Why it teaches stats: Descriptive stats are the foundation of any analysis.
Core challenges you’ll face:
- Computing summary measures correctly
- Interpreting units and context
- Presenting results clearly
Real World Outcome
You will produce a short report that explains averages, spreads, and notable values.
Example Output:
Mean mpg: 20.1
Median mpg: 19.2
Std dev mpg: 6.0
Verification steps:
- Cross-check with built-in summary outputs
- Validate units and context
The Core Question You’re Answering
“What is this dataset telling me at a glance?”
This is the first step in any data analysis.
Concepts You Must Understand First
Stop and research these before coding:
- Mean vs median
- When does the median tell a better story?
- Book Reference: “R for Data Science”, Ch. 7
- Variance and standard deviation
- What does spread mean in practice?
- Book Reference: “OpenIntro Statistics” by Diez et al., Ch. 2
- Summary tables
- How do you summarize categorical vs numeric data?
- Book Reference: “R for Data Science”, Ch. 5
Questions to Guide Your Design
- Metric selection
- Which statistics are most meaningful for each column?
- How will you handle categorical variables?
- Reporting format
- Will you output a table or a narrative report?

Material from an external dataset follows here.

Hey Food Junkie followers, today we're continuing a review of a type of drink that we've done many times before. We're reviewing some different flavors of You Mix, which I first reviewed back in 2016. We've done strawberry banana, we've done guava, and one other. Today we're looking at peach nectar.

- How will you ensure reproducibility?
Thinking Exercise
Outliers
Find the maximum and minimum mpg values and decide if they are outliers.
Questions while working:
- What counts as an outlier here?
- How does it affect the mean?
The Interview Questions They’ll Ask
Prepare to answer these:
- “What is the difference between mean and median?”
- “Why do we use standard deviation?”
- “How do you summarize categorical data?”
- “What is an outlier?”
- “Why is descriptive statistics not enough?”
Hints in Layers
Hint 1: Starting Point Start with summary() to get baseline stats.
Hint 2: Next Level Compute mean, median, sd for key variables.
Hint 3: Technical Details Use grouped summaries for factors like cylinders.
Hint 4: Tools/Debugging Compare your results against known references.
Books That Will Help
| Topic | Book | Chapter |
|---|---|---|
| Summary stats | “R for Data Science” | Ch. 7 |
| Variability | “OpenIntro Statistics” | Ch. 2 |
| Tables | “R for Data Science” | Ch. 5 |
Implementation Hints
- Keep code in an R Markdown report.
- Label units clearly.
- Interpret numbers in plain language.
Learning Milestones
- First milestone: You can compute basic summaries.
- Second milestone: You can interpret variability.
- Final milestone: You can communicate insights clearly.